第7幕 マッチョ増量の呪い
「……っ!」
呪いのオーラを全身に浴びてしまったマジカル☆ドリーマーズの五人。全員が目を瞑り、腕を交差させて顔を隠していたが、恐る恐る自分自身の体を確認してみる。
「あれ……? なにも変わってない」とイノセントはほっとする。
「本当だ」プリンセスも、自身の体になにも変わったところがないことを確認し、笑顔を見せた。
「おかしいわね……呪いは失敗だったのかしら?」エターナルも不思議そうに両掌をグーパーと開いたり閉じたりする。どこにも異状はなかった。
「ちっ……もったいないことを」バタフライとオーシャンだけはどことなく残念そうな顔をしていたが、エターナルたち三人がキッ! と睨みつけると、バツが悪そうに顔を背けた。
「ええい、筋肉をバカにするやつらは許さんゾォ!」
「来るわ! みんな、マッチョ法で迎え撃つわよ!」プリンセスがそう叫ぶ。
「お姉さマッチョ……何を言っているんですの?」エターナルも言葉を発した後に、自分がおかしなことを口走ってしまったことに気づく。
「マッチョさか……いやっ! そのマッチョさかだわ!」エターナルが口を両手で押さえた。
「ぬはははは! いくぞぉ!」
松千代の太い腕が五人に襲いかかる。それを五人は散り散りに跳んで躱す。松千代のパンチが地面にぶつかると、その部分がボコォッ! とつぶれる。
「うわっ、あんなの喰らったらひとたマッチョりもない
「そ、そんなことって……いや、ありえないよ。そんなマッチョ法、聞いたことがない!」マジカル・オーシャンも自分の口に違和感を覚えたようだった。
「もしかして、マッチョという言葉を言おうとするとマッチョッチョに変換されてしマッチョうってことなの?」もう、エターナルが何を言おうとしているのか分からなくなってきた。

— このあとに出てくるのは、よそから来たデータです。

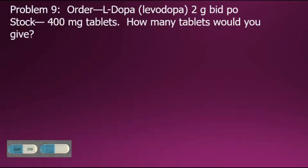In this problem, the order is for L-DOPA 2 grams BID PO. Stock for this medication is in 400 milligram tablets. How many tablets would you give?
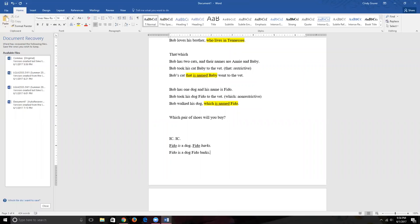It is possible — and not even hard — to have two independent clauses in a single sentence, but it does require some punctuation. Without it, it's a run-on sentence and grammatically incorrect. Many people sense a pause between the clauses and are tempted to put a comma: 'Fido is a dog, Fido barks.' But there is no rule that says to put a comma between two independent clauses. This is called a comma splice or sentence splice — it's incorrect, and it does not impress.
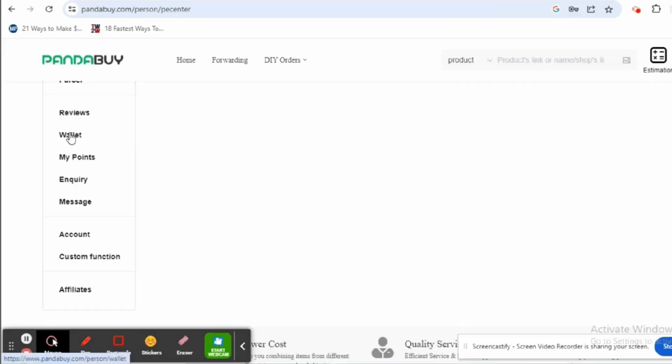Now you will land onto this page. Scroll below on your left hand side and click the option of Wallet.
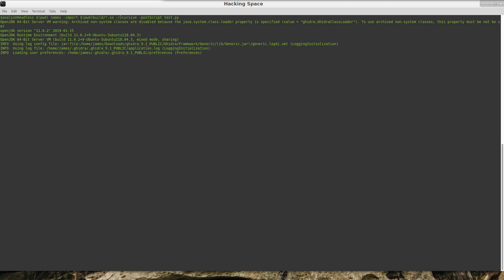And actually, I don't need to give it a script path. I just need to tell it that I want it to run the postscript test.py. That's the script that we created. So if I run this.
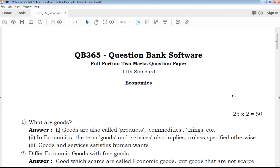Hi friends, welcome to QB365 YouTube channel. In this video we will talk about 11th standard economics 2 marks important questions, full portion.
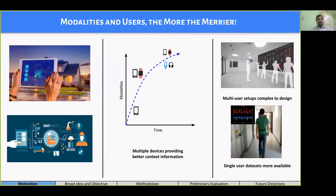Interestingly, there are many single-user multi-modal datasets that are available publicly. So in this poster, we devise a simple strategy to use these datasets to simulate multi-user environments.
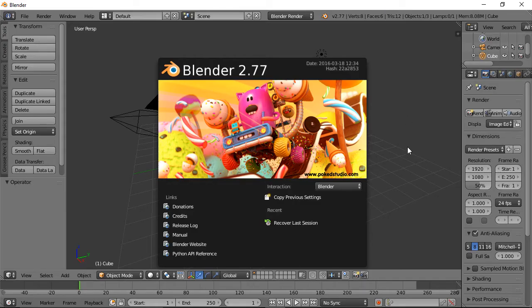Hi, this is Ali Arango, and the newest version of Blender just recently came out. Today I would like to show you how I set up a new version of Blender when it comes out. So let's get started.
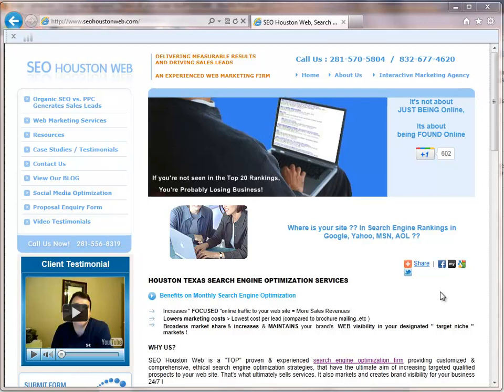Welcome to seohoustonweb.com, Houston Texas Search Engine Optimization Services. Why should you choose us? Well, SEO Houston Web is a top proven and experienced search engine optimization firm, providing customized and comprehensive ethical search engine optimization strategies that have the ultimate aim of increasing targeted, qualified prospects to your website. That's what ultimately sells service. It also markets and creates brand visibility for your business 24-7.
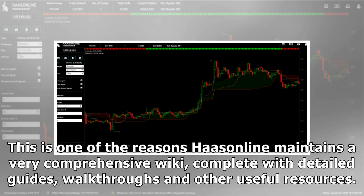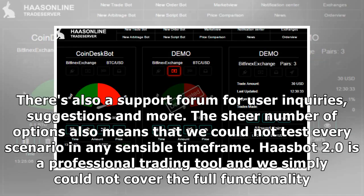This is one of the reasons Haas Online maintains a very comprehensive wiki, complete with detailed guides, walkthroughs, and other useful resources. There's also a support forum for user inquiries, suggestions, and more. The sheer number of options also means that every scenario could not be tested in any sensible time frame. Haasbot 2.0 is a professional trading tool and the full functionality simply could not be covered.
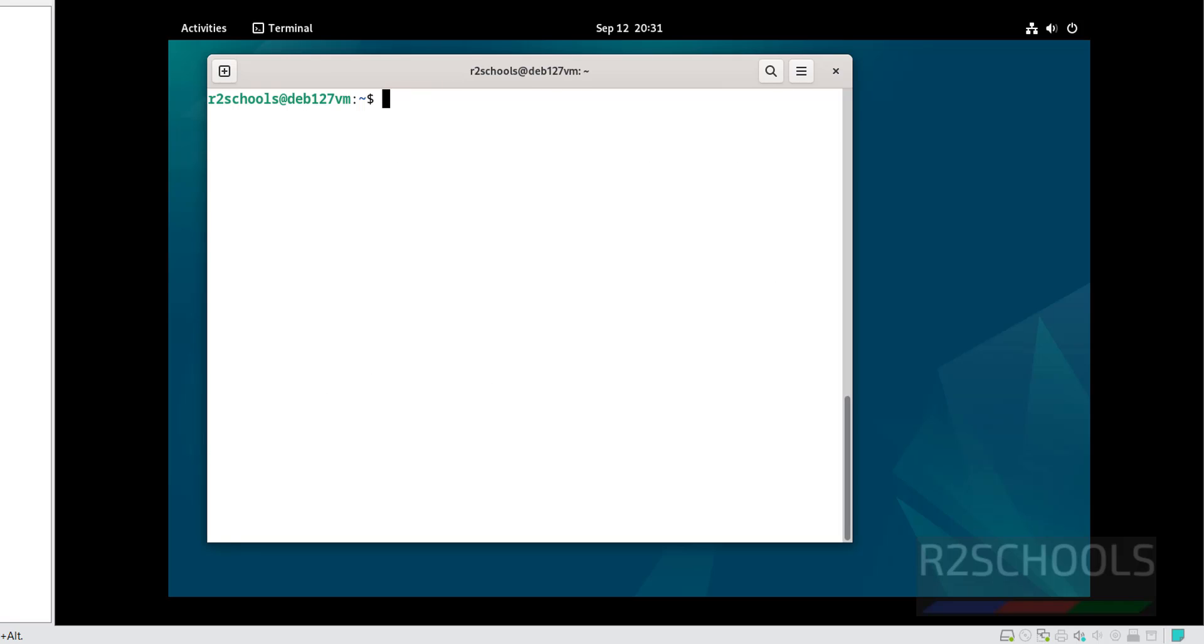So in this video, we have seen how to download and install Debian 12.7 on VMware Workstation. For more Debian or Linux videos, please subscribe my channel, thank you.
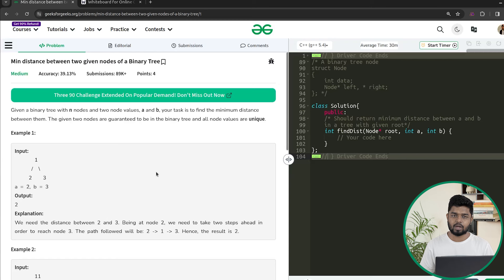Hi everyone. Welcome back to GeeksforGeeks. In this video, we'll be discussing the problem: minimum distance of two given nodes in a binary tree.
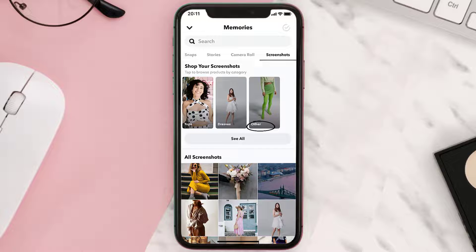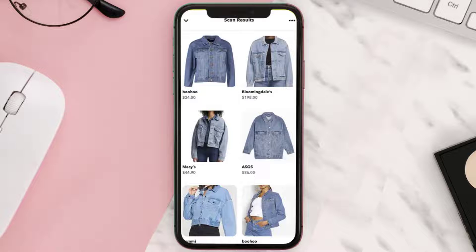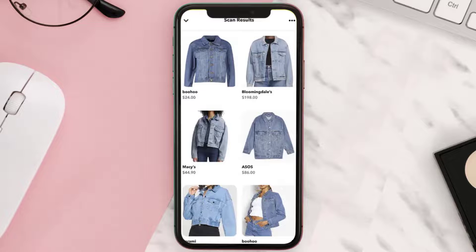Tap on an item you're interested in to see its price, brand details, and related items. You can also favorite a product by tapping on the heart beneath the photo. If you don't have this feature yet, let me know in the comment section below.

「おそらくそうよ。マッチョッチョ増量マッチョ法っていうのは、私たちの体をマッチョッチョにするってことではなく……」
「私たちの言葉をマッチョッチョにするってことなのですわ!」
プリンセスとエターナルも筋肉増量の呪いというものの正体に気づき、戦慄した。
「そういうことだ! 筋肉を笑うものは筋肉に泣く! マッチョッスルワードをどんどん使うことで、身も心もマッチョッチョに染マッチョっていくのだ!」
なんと松千代成蔵自身も筋肉増量の呪いにかかってしまっているようだった。
「いやよ! 筋肉に染マッチョるなんて、絶対に嫌!」プリンセスは首を横に振ると、空高く舞い上がった。そして全身に魔力を込める。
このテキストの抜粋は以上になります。